The Red Cross is faced with a "real challenge" following the Rohingya refugee crisis triggered by violence in Myanmar's Rakhine State, a senior official of the international humanitarian organisation has said.
"The specificity of the situation is that only the Red Cross and Red Crescent movement is allowed to work in Rakhine State as humanitarian help," Christine Beerli, Vice President of the International Committee of the Red Cross (ICRC), told IANS in an interview.
"So, it is a real challenge because the needs are big, the situation is tense," said Beerli, who was here to attend the International Conference on Certain Conventional Weapons.
More than 625,000 Rohingyas have fled to neighbouring Bangladesh since violence erupted in Rakhine late in August.
The minority Rohingya community does not enjoy citizenship in Myanmar and is sparingly given refugee status in Bangladesh.
Human rights monitors accused Myanmar's military of atrocities against the minority population during its clearance operations following Rohingya militants' August 25 attacks on multiple government posts.
Last month, however, Bangladesh Foreign Minister Abul Hassan Mahmood Ali and Minister for the Office of the State Counsellor of Myanmar Kyaw Tint Swe signed a memorandum of understanding (MoU) in Nay Pyi Taw for the return of these refugees.
India has maintained that the issue should be handled in a humane manner, development activities should be initiated in Rakhine and conditions should be created for the safe and secure return of the refugees to their homes. New Delhi has also sent relief material for the refugees in both Rakhine and Bangladesh.

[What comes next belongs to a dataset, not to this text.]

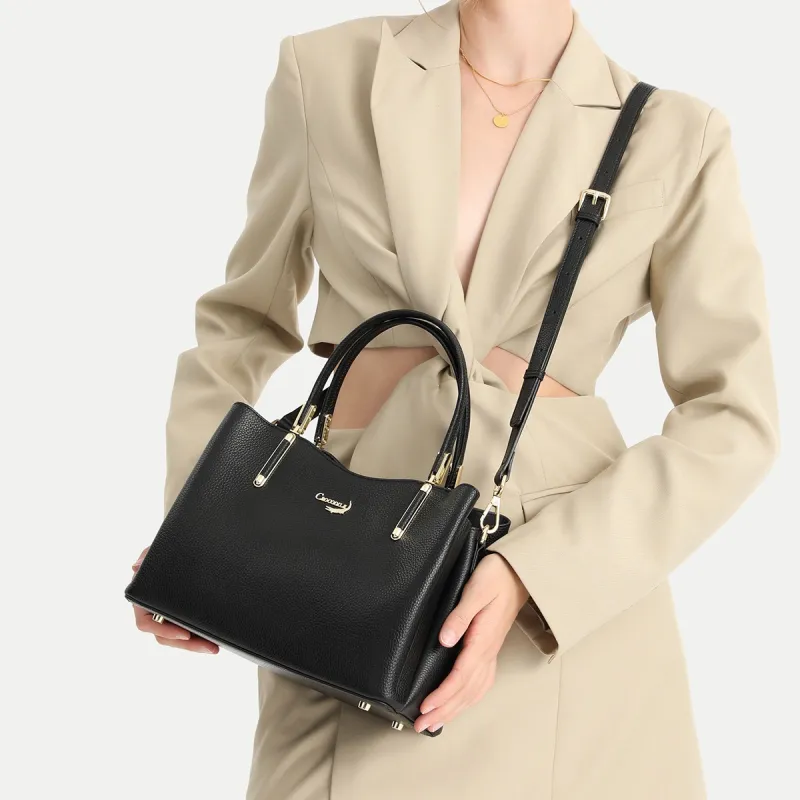 Crocodile Cow Leather Handbags Shoulder Bags Regular Women's Black/Gray-3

Stating that the Red Cross was working on both sides of the border between Myanmar and Bangladesh, Beerli said that "we try really to do as a movement the best we can".

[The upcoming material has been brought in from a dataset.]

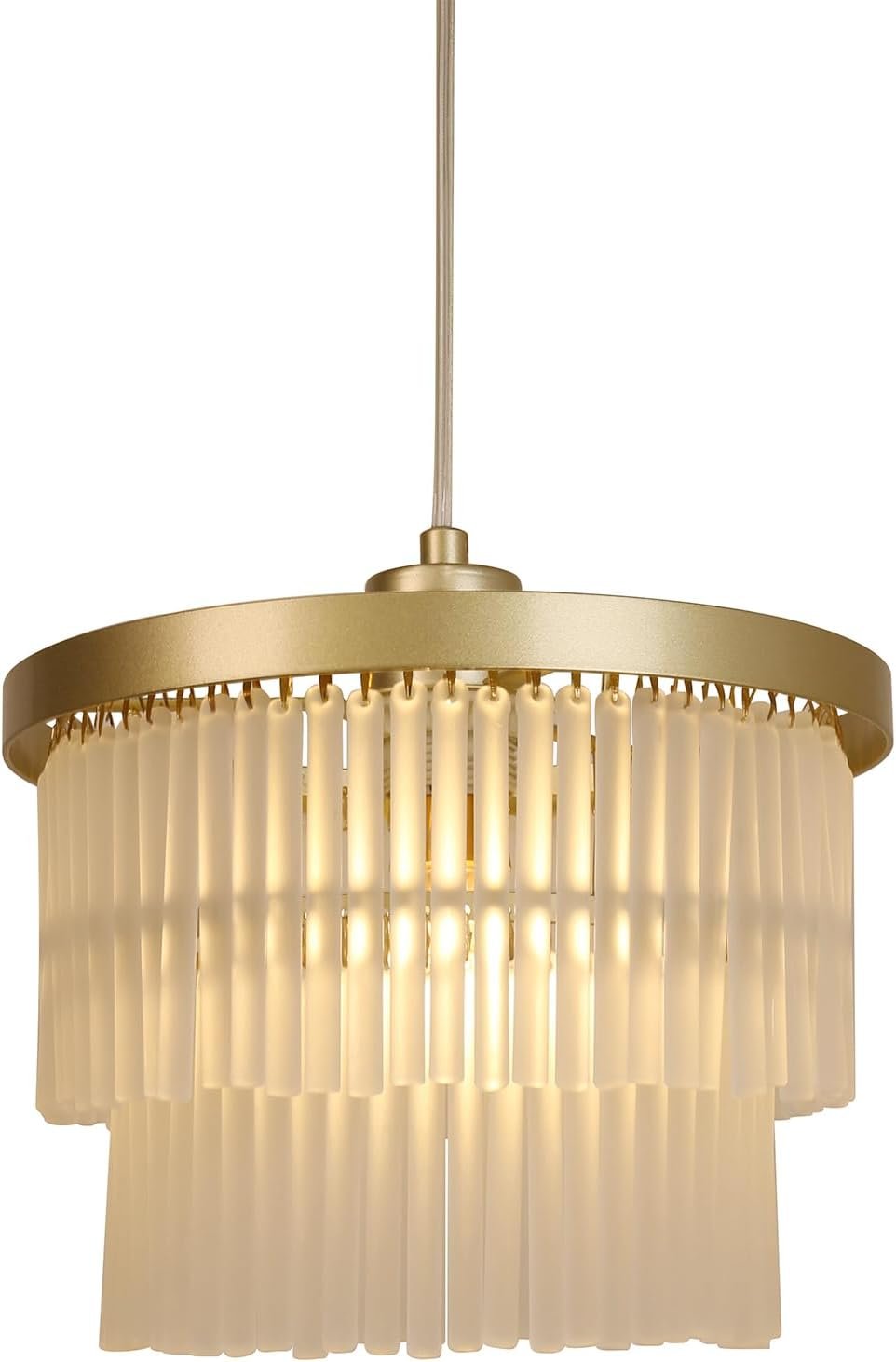Lexi Lighting Greer Chandelier Light, Dia 25cm, 1 Light Stylish Gold Metal Tiered Frosted Rods Glass Easy-fit Shade Pendant Ceiling Light for Any Living Room, Dining Area, or Bedroom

"For a long time they (the Rohingya refugees) were in a certain sense caught in no man's land," she stated. "One of my colleagues told me how he was there and helped in food distribution, and how we can help these people in this situation."
Beerli said that with the Cox's Bazar refugee camp filled up with over 600,000 people, the Red Cross has found itself in a difficult situation.

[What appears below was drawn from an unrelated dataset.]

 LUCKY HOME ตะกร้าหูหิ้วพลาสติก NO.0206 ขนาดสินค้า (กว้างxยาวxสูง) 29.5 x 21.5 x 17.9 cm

"Nobody knows exactly how it will go on. You hear a lot of different opinions and we have to see if it will be possible for these people to go back," she said.
Stating that the Red Cross would never influence these people, the ICRC Vice President said that it was for them to decide "in their free will to go wherever they want to go or stay where they want to work".
"We are just helping and looking that they survive and they are not caught in a bad situation," she said.
Asked if the Red Cross was talking with the authorities in Myanmar, Beerli said that her organisation has been talking with all the parties in the midst of this problematic situation.
"We are not a political institution... The definitive solutions have always to be found by the politicians. Peace can only be made by the politicians. We are humanitarians."
Asked about India's role in the current scenario, Beerli declined to comment, but said that India as a neighbour was well aware of the situation in Myanmar.
"We are working together with the Indian Red Cross and we are happy to have them as partner," she said.
While the Red Cross is working with 80 foreign staff and 546 local staff in Myanmar, there are 21 foreign staff and 68 local staff in Bangladesh.